Andrew Plewe Andrew Plewe

Hello World

Forward, and an introduction to WellDB

Greetings! If you are here you probably followed some breadcrumb I left out randomly on the fractured interwebs. I have debated internally about whether to Substack, it is nice to have someone else take care of archiving and to “ride the wave”. So, in probably some gross violation of founder rules or whatever, I’m going to do my posting here on the website for my company (shock!). What’s a bit of SEO between friends, right?

I’ve realized that sometimes my writing can be cryptic, especially when my mind is going a million miles per hr and I’m working through an idea. Over the last few months I’ve built out, essentially, my “dream team” of tooling that makes managing and working with test data somewhat possible and, ideally, a thing that takes less than six months to accomplish. However, much like Frankenstein it can come across… a little rough. Everyone uses data in different ways, what SmallMinds has created will, if there’s enough magic fairy dust, provide you with tools you can use to make your life better.

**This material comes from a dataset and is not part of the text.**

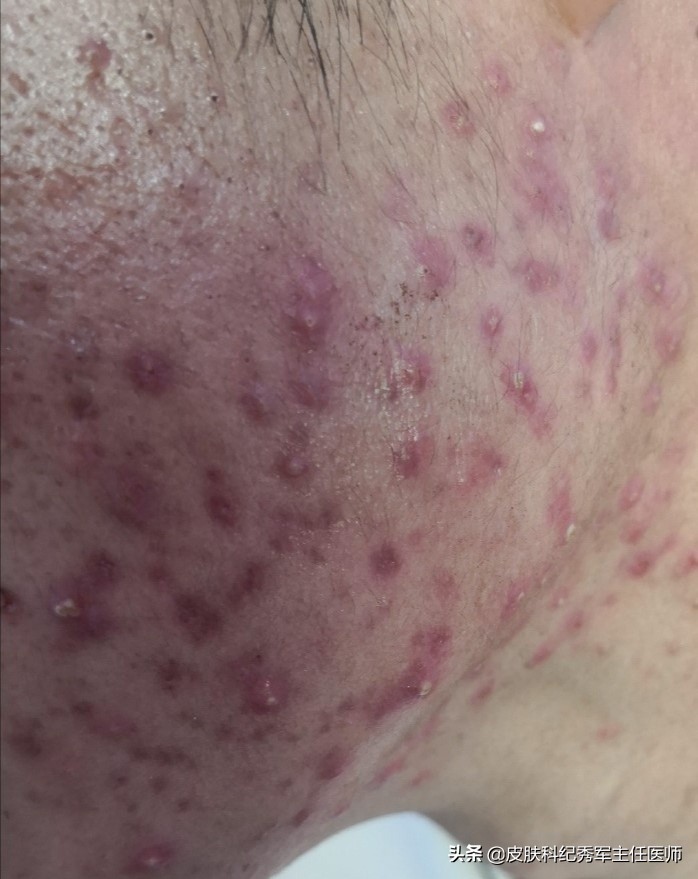 喜辽妥软膏能够祛除红色痘印吗,疤克能够去除脸上的红色痘印吗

So, welcome! In the coming weeks I will lay out all my Freudian and Orwellian plans to rise up against our “AI” overlords and reclaim the power of Machine Learning for the rest of us. It has been a very unexpected journey getting to this point, but if I expected it then it probably would have never happened.

So, with that in mind I will start with a brief introduction to “the one thing that will change the world!” for which I don’t even have product page yet:

Spooky lights mean data

Introducing WellDB

Hydra grew as a perfect parasite. That’s actually a weird and creepy story, this is nothing like that.

WellDB, however, does take advantage of several nifty things that are true to create a real live Generative Database. This isn’t a front-end for LLMs or anything like that. It is, rather, the marrying of statistical modeling with the powers of SQL, a very shallow (this is a good thing) and transactional relationship meant to generate all of the data you need for testing without:

a.) Storage costs. Data for tables comes from DataFlood models and is generated on-the-fly. A typical DataFlood model is between a few kilobytes up to a couple of megabytes. And, the size for any particular dataset doesn’t change much over time.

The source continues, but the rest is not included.